| REQUIREMENT |
Write down exactly the lines from the one below that has "Men's Orthodox cross" to the end of the data, both ends included; the pictures should not appear in your copy.

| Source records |
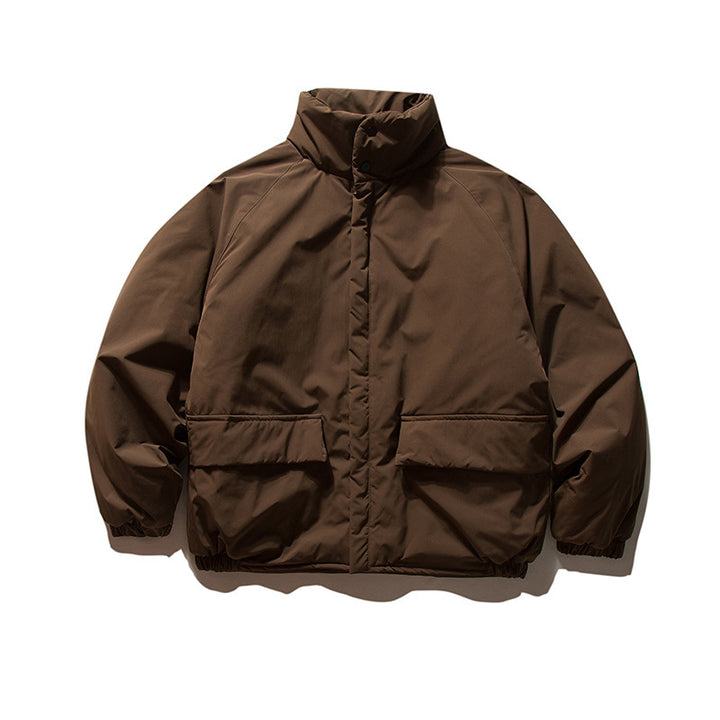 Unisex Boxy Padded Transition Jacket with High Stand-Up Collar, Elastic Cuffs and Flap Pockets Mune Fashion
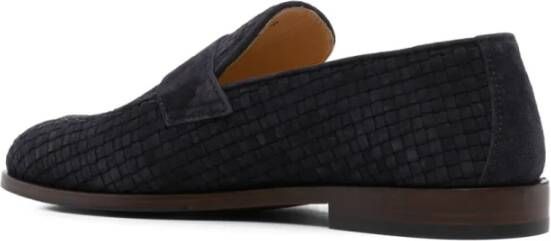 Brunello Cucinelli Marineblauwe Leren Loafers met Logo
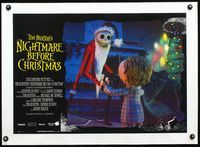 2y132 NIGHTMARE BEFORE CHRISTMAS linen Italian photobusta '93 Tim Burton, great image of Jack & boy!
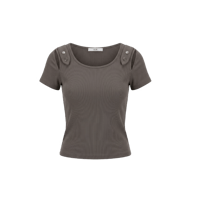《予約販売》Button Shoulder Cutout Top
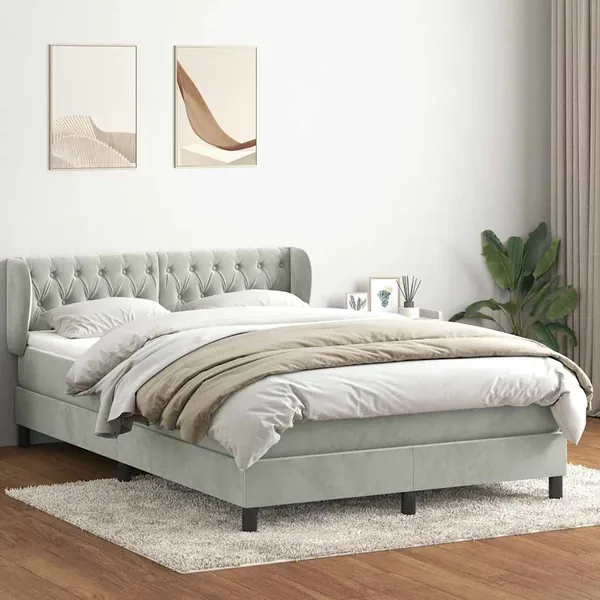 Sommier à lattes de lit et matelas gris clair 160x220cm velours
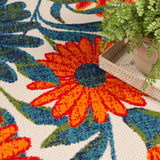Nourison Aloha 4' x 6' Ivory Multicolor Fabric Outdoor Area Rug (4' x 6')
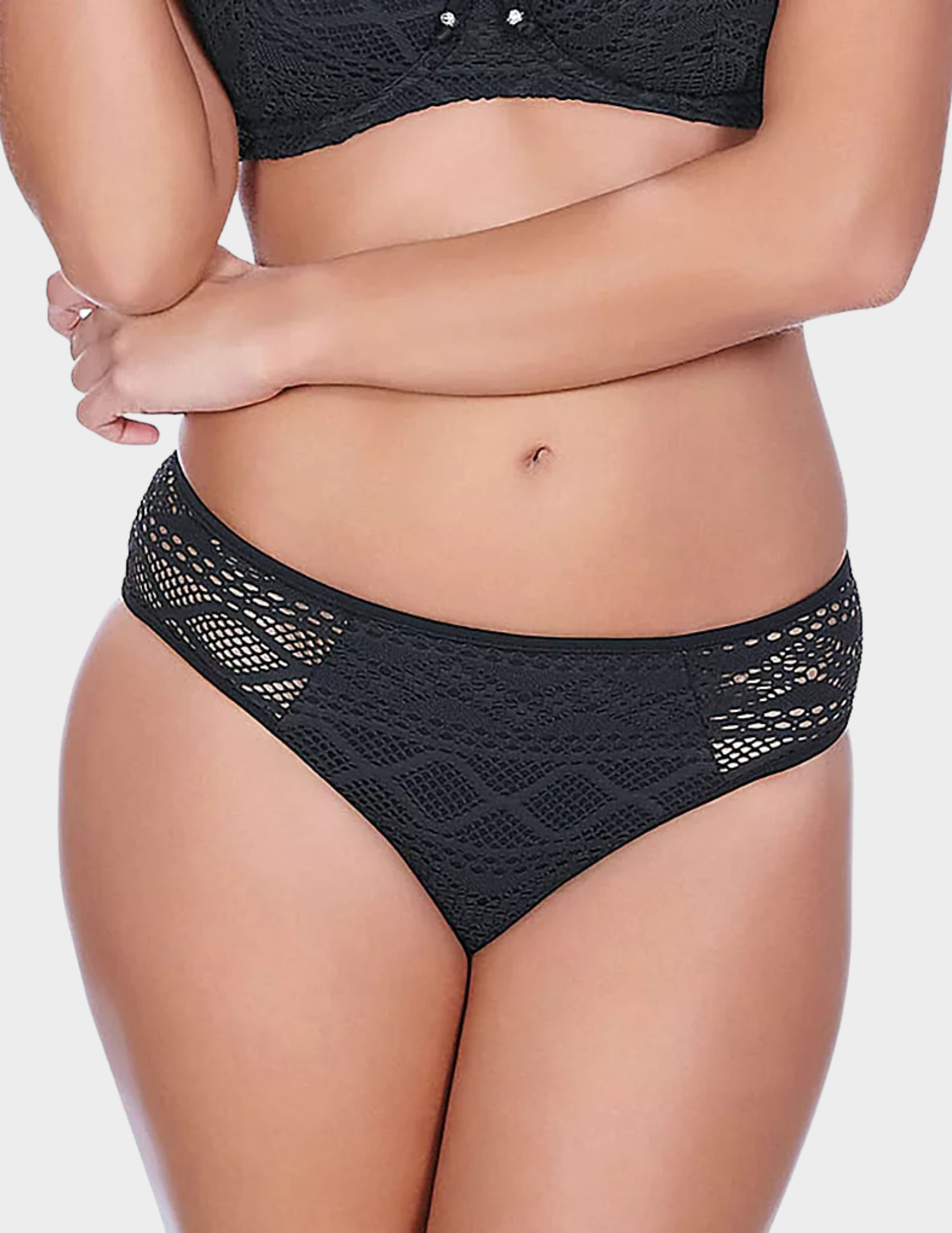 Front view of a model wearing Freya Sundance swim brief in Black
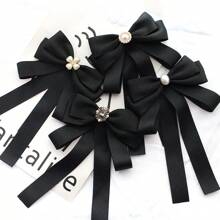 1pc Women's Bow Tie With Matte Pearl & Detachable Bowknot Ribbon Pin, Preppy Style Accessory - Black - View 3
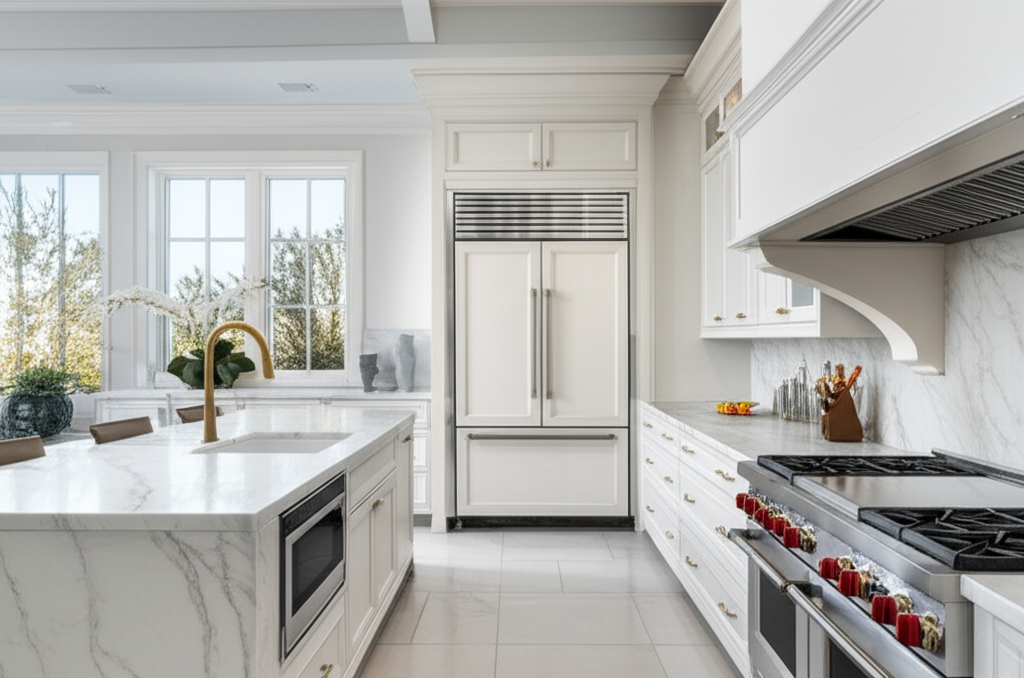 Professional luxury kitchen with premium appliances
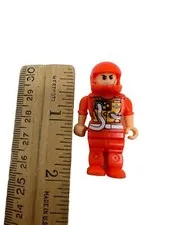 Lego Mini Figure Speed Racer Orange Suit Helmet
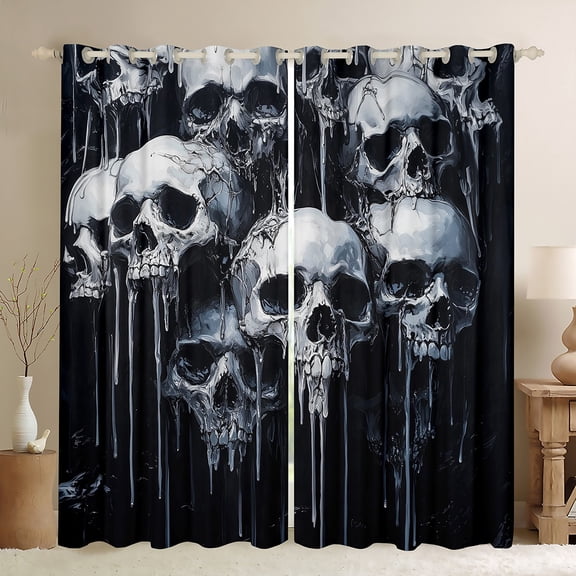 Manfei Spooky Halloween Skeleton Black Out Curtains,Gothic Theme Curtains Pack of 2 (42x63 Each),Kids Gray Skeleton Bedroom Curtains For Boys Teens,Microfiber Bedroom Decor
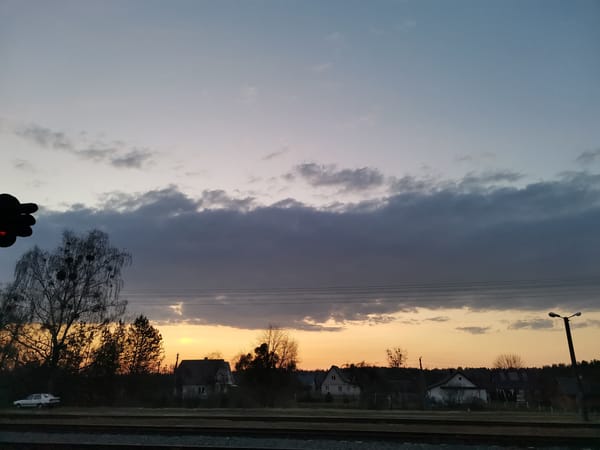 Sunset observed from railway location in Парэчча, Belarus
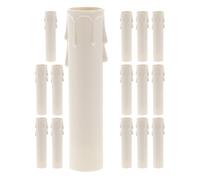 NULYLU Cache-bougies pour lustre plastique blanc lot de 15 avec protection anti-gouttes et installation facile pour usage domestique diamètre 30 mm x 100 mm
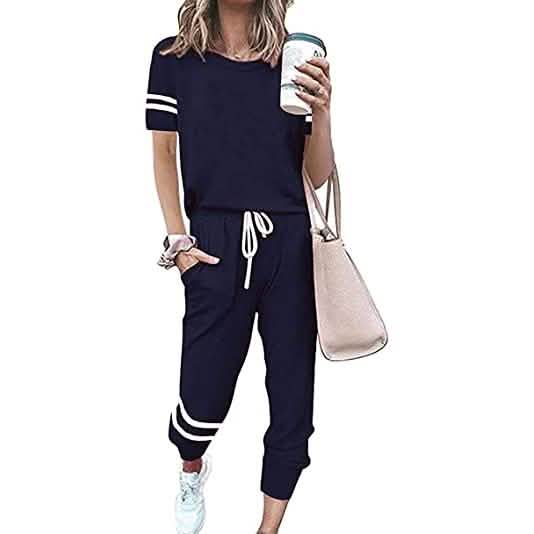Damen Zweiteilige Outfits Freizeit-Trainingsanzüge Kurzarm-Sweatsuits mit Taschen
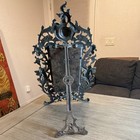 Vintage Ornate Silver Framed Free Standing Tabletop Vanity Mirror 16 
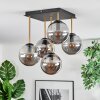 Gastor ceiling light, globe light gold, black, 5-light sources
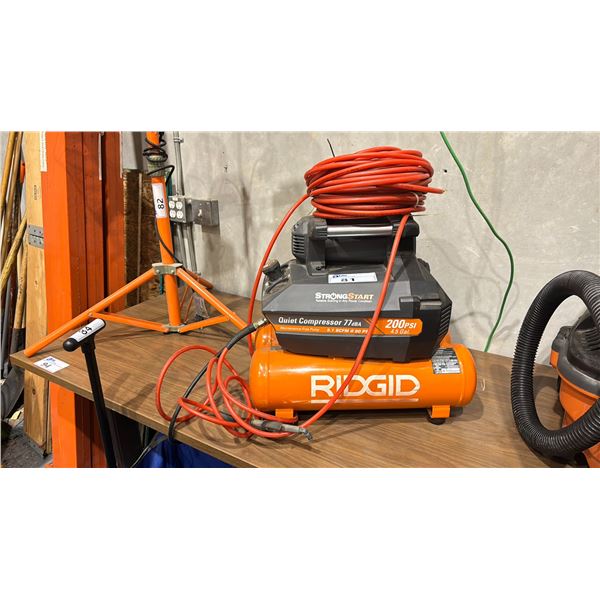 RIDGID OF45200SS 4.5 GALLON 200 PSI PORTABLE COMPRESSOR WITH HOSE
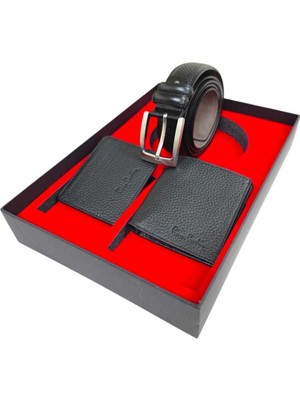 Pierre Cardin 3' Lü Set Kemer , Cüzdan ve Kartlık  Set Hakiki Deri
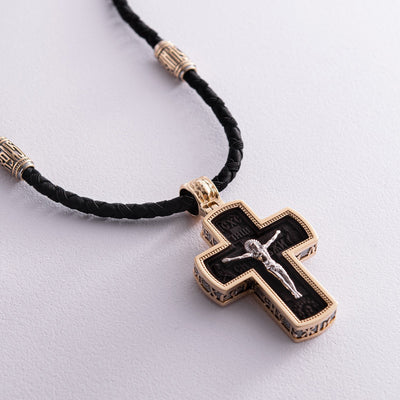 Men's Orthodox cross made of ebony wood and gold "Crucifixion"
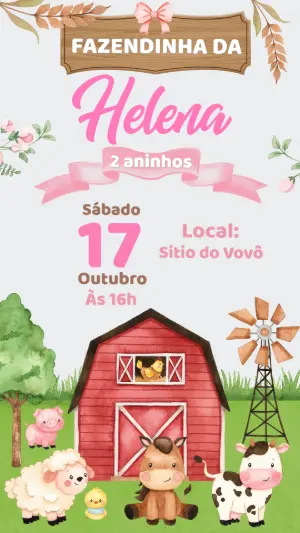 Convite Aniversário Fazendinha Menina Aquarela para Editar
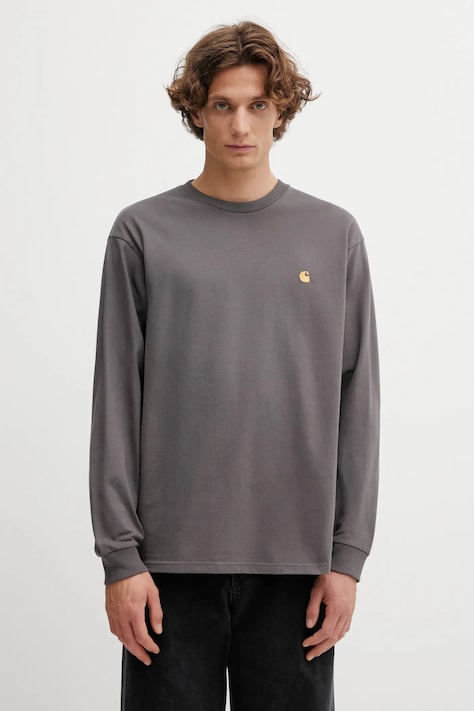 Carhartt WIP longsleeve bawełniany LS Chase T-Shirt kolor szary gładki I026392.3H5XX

| RESPONSE |
 Men's Orthodox cross made of ebony wood and gold "Crucifixion"
 Convite Aniversário Fazendinha Menina Aquarela para Editar
 Carhartt WIP longsleeve bawełniany LS Chase T-Shirt kolor szary gładki I026392.3H5XX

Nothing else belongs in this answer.